The incidence of pathogens in organic vegetables varies according to the study (Table 1). Salmonella spp prevalence varies between 0.4 and 23.1%, L. monocytogenes between 1.1 and 20% and S. aureus between 20.6 and 80%. B. cereus prevalence can be as high as 26.9% and as high as 34% for Aeromonas spp. E. coli O157:H7 prevalence can be as high as 1.9%. Since fresh produce is often consumed raw even low prevalence rates may mean increased risk of foodborne disease from these foods.
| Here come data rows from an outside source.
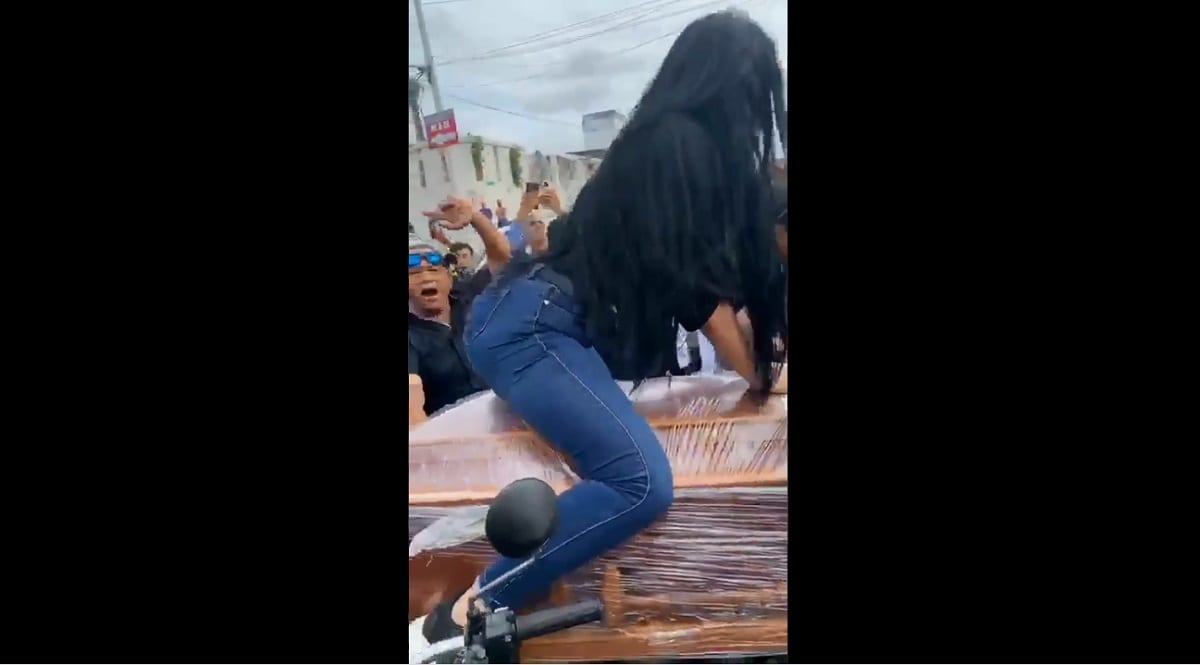 VIDEO: Una mujer “perrea” sobre el ataúd de su esposo; fue su último deseo 1 aprueban buzon para abandonar bebes high 1
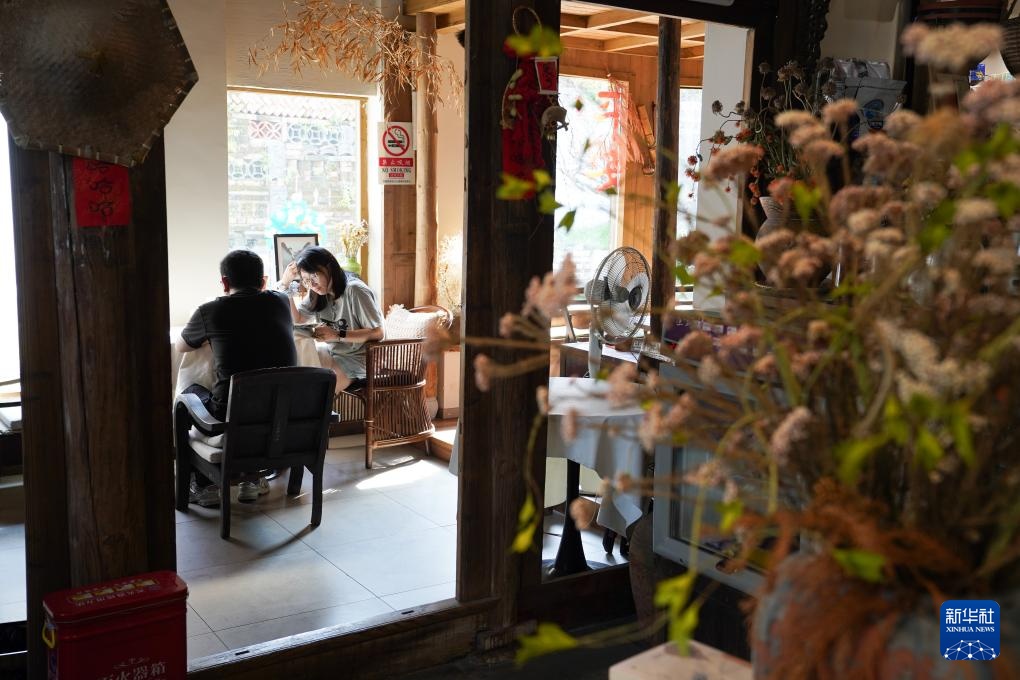 江西南昌湾里：空心村变清凉小筑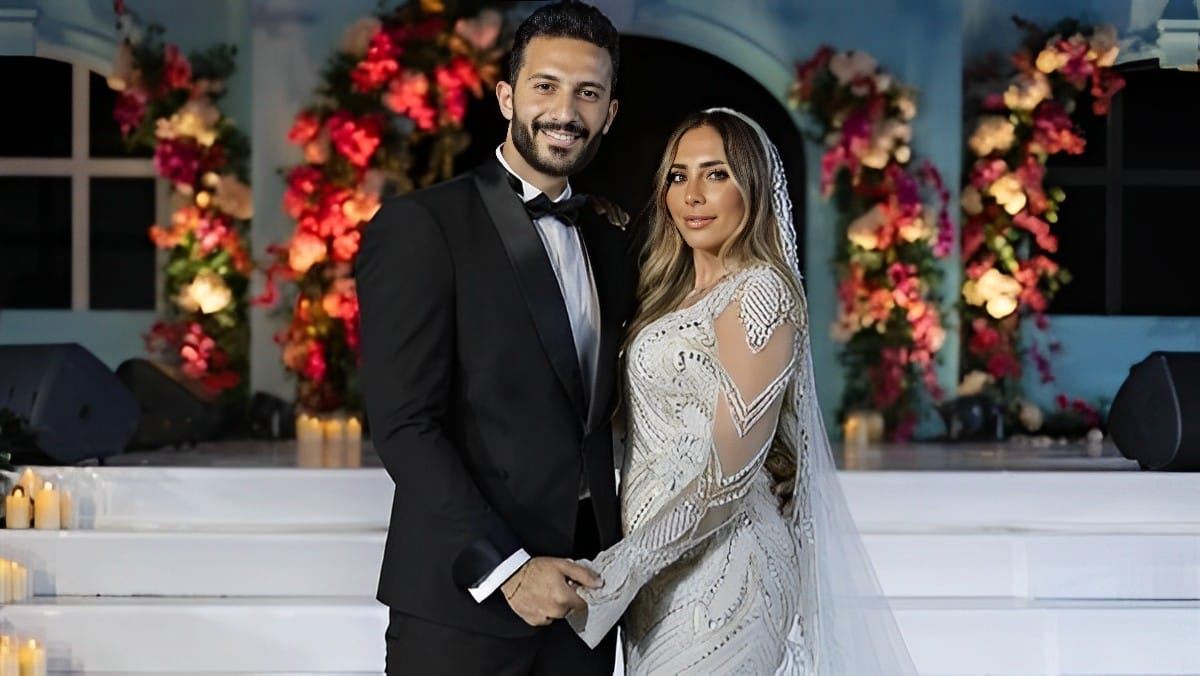 كلام جارح وارتباط سابق... حفل زفاف مذيعة مصرية حديث "السوشيال ميديا"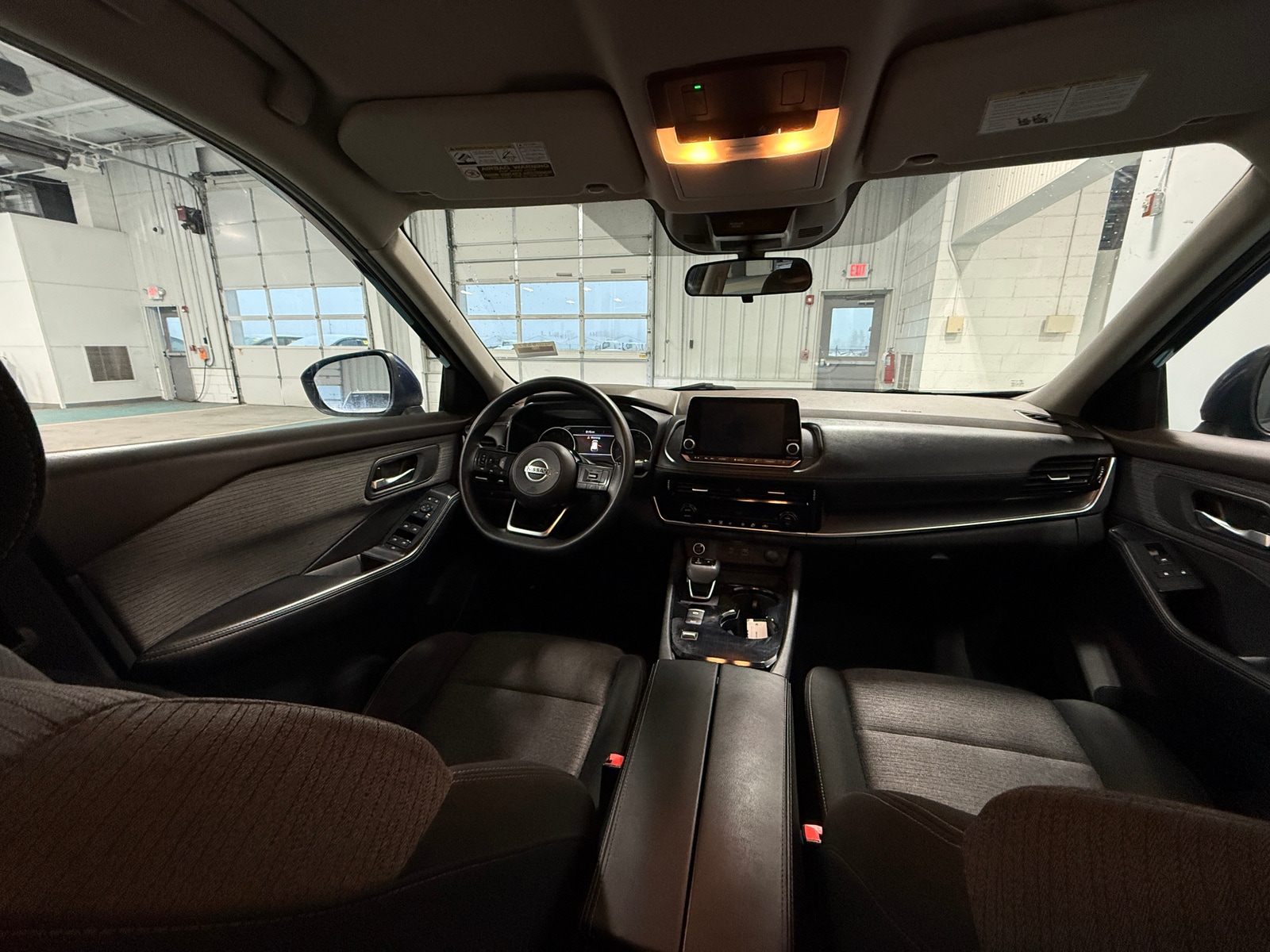 Thumbnail: 2021 Nissan Rogue - 3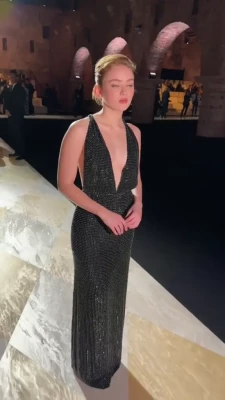 Sadie Sink [ sadie-sink ] - Question for you boys. Danny who was in some of my older videos has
Information on foodborne outbreaks from organic produce is limited. However, some cases involving Shiga toxin-producing E. coli (STEC) and organic produce have been reported in the past few years. An outbreak involving STEC O157:H7 linked to organic spinach and spring mix blend occurred in the U.S. in 2012 and affected 33 persons from five states: 46% were hospitalized and two developed hemolytic uremic syndrome (HUS).70 STEC O104:H4 was responsible for an outbreak linked to organic raw sprouts in Germany, with thousands of infections.71,72

Current strategies to control microbial contamination during the production of fresh produce (regardless of cultivation method) are based on the implementation of Good Agricultural Practices (GAP). A GAP framework considers the implementation of best practices regarding worker's health and hygiene, soil and water quality, sewage treatment, wildlife and livestock management, manure and biosolids management, field sanitation and hygiene, and harvest and transportation.20 The implementation of food safety management tools such as Good Hygienic Practices (GHP) and Hazard Analysis and Critical Control Points (HACCP) at postharvest steps also helps to reduce, eliminate or prevent the occurrence of hazards. The washing step before consumption is also important as it may reduce microbial load on vegetables surfaces. Washing with sanitizer may also reduce contamination and prevent cross-contamination by pathogenic microorganisms.73–76

Data summarized above from a variety of studies focusing on different crops and different countries highlight the potential risks of pathogenic microorganisms in fresh produce, including organic products. Although a number of studies have indicated that organic produce may pose a greater risk than conventional grown produce, this trend is not universal across all studies. Further efforts are needed to understand and control the disease risk associated with organic produce from harvest through consumption.

The authors declare no conflicts of interest.